第23話 食らう男

 

『ほーこくしょ。たいちょーさまへ。


 リュドミラ様がつれてかれたわ。あたしたちが思っているよりも、事態は急速に動き出そうとしているわねー。

 まさかキャロライン・ザーリーが亡くなるとは思わなかった。ザーリー卿はべつに悲しんでもいないだろうケド、皇宮内での死亡だから犯人を捜しているようね。リュドミラ様が連れていかれたのも、ザーリー卿が裏にいるっていうのがもっぱらの噂。


 たいちょーさま、ぐずぐずしてるヒマないわよ。身の振り方をはやくきめるべきだわ。あたしたちが皇宮の大きな渦に呑み込まれる前に。

 あと、ほーこくね。騎士サマと三人の家来たちは今のところ静かにしてる。騎士サマ、皇女殿下に入れ込んでいたのに、抵抗しなかったわ。予期していたのかしらね、どうかしら。今後も観察していくわ。楽しみにしていてね。


 ねえ、たいちょーさま。あなたは誠意や真心、義理というものを信じる? あたしたちは今、打算だけでこの波を乗り越えようとしているけれど、あたしはたまに怖くなる。

 あたしたちは、人間は、打算だけで生きていけるものかしら。打算で得られた平穏や幸福は本物になるのかしらって思うの。それよりは心に秘めた良心に従った方が、人間らしい生き方ではないかしら。

 あたしはそう生きられるひとがうらやましい。たいちょーさまとあたしもそういうふうになりたかったわね。


 暗い話になっちゃった。

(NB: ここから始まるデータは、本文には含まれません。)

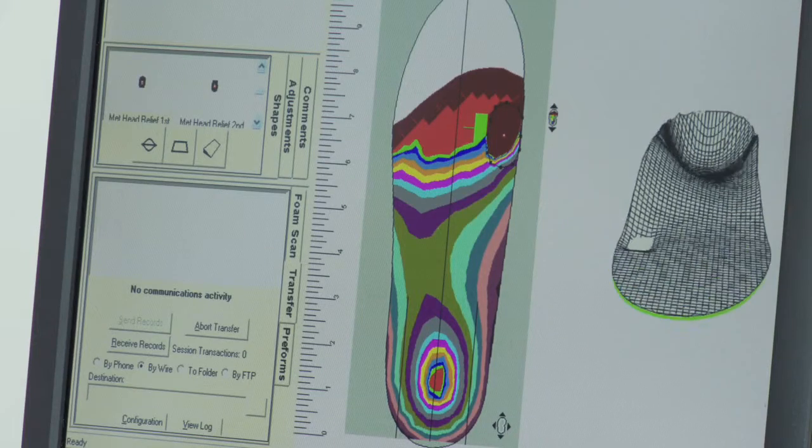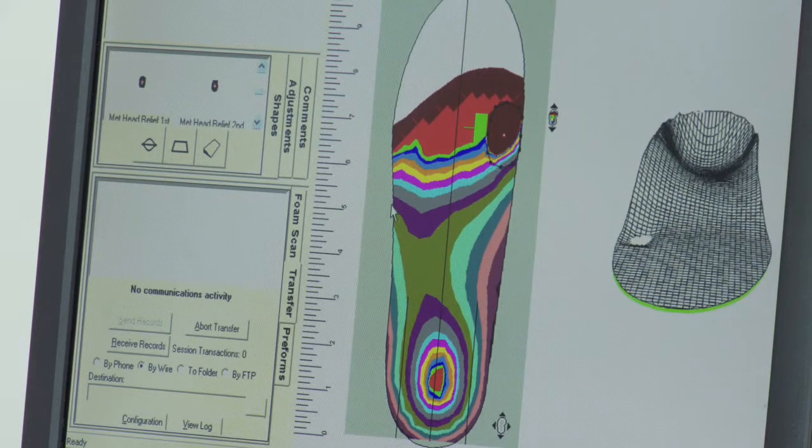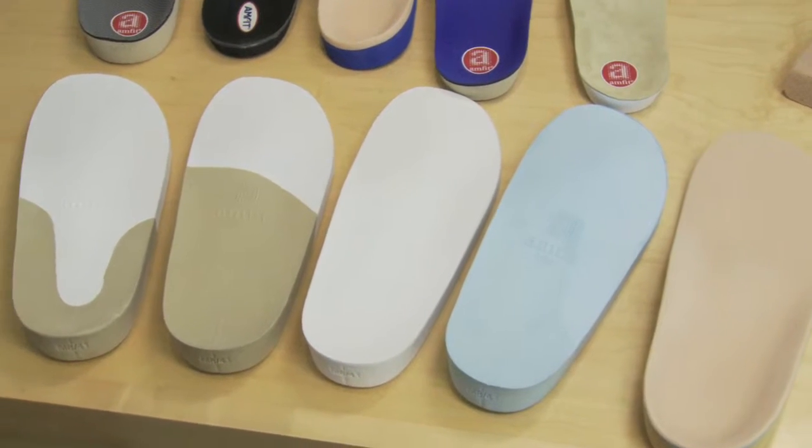The great thing about Amfit is the fact that I have unparalleled control over creating orthotic prescriptions for my patients. The software is fantastic — anything I can imagine as far as an orthotic modification can be built into the orthotic devices themselves. And then we can create them immediately for our patients, same day or next day, with a very, very short turnaround time.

口直しに、おもしろい話を聞いたからおしえてあげる。

 たまたまね、行商人が皇宮の中にきていたの。西方から来たんですって。細かな銀細工の櫛や髪飾り、ブローチがとってもきれいだったわ。あたしもたいちょーにねだろうかと思ったケド、あっという間に完売したと聞いたの。なんでもある奥方が一番いいものを買っていってしまって、それを見た他の奥方も欲しがったから、売れに売れたそう。最初の奥方、その宝飾品をどうしたと思う? 皇后陛下へ献上したそうよ。たいちょーはどこまでご存知だったの? 、知らないなんてことはないわよね?

 奥方の行動と、たいちょー、あたしはどちらを信じればいい? あなたが話さないかぎり、あたしも心を決められません。



 あなたが愛したかもしれないスパイより』





 リュドミラが塔から消えた翌日。

 宝玉騎士の姿は厨房にあった。大きなあくびをしたカシムが厨房に入ると、宝玉騎士の食卓に積まれた山のような食べ物にぎょっとする。

 スプーンもフォークもなく、男は何でも手づかみにして大口を開けて食っている。もしゃもしゃ、ぐしゃぐしゃとした咀嚼音が響く。焼いた肉の塊には直接かぶりつき、野菜のパイは手で丸く押しつぶして、口の中に放り込む。周囲には誰もいない。これから待ち受けている数十皿はまるで狩りの戦利品のように見えてきた。


「どうしちゃったんですか」

「食ってる」

「言葉が足りませんよ。どうして食っているんですか。いつもの量とはケタ違いですよ」

「おなかがすいたからなあ」

「そのわりには殺気を振りまいているんじゃないですかねえ。怖がってだれも近寄ってこないのがよい証拠です。入り口近くでトマスがうろうろしているなと思っていたらこれですか」


 カシムがクローヴィスの正面の椅子に腰かけるも、食べ物からは微妙に目をそらし、口を片手で覆う。


「何を考えていらっしゃるんです? リュドミラさまのことですか」


 空気の圧が一段と重くなるのを肌で感じるカシム。目の前にいるのは、腹をすかせた獰猛な巨大クマなのだ。だが、ひるまないで返事を待つ。


「何も。俺は頭がよくないから、難しいことは考えられない」


 クローヴィスはリスのように頬を膨らませながらまだ食う。目はカシムを見ていない。

 皿はあっという間に全部空になっていく。


「さして頭が悪いことはないんじゃないですかねえ。ふつうです。ふつうの人が世の中にはいちばん多いんですよ。ちなみに、まだ食べます?」

「うん」

「なら、俺が追加の料理を作ります。さっき騎士様が料理を作らせた料理人、俺に惨状を伝えた挙句、逃げましたからね。トマスー、朝食がほしいなら今のうちに言ってくださいよー!」


 すると、入り口の扉が、キィ、とちょっと開いた。トマスがおろおろと視線を彷徨わせながら立っていた。

 ぐう、とトマスの腹の音が本人の気持ちを代弁した。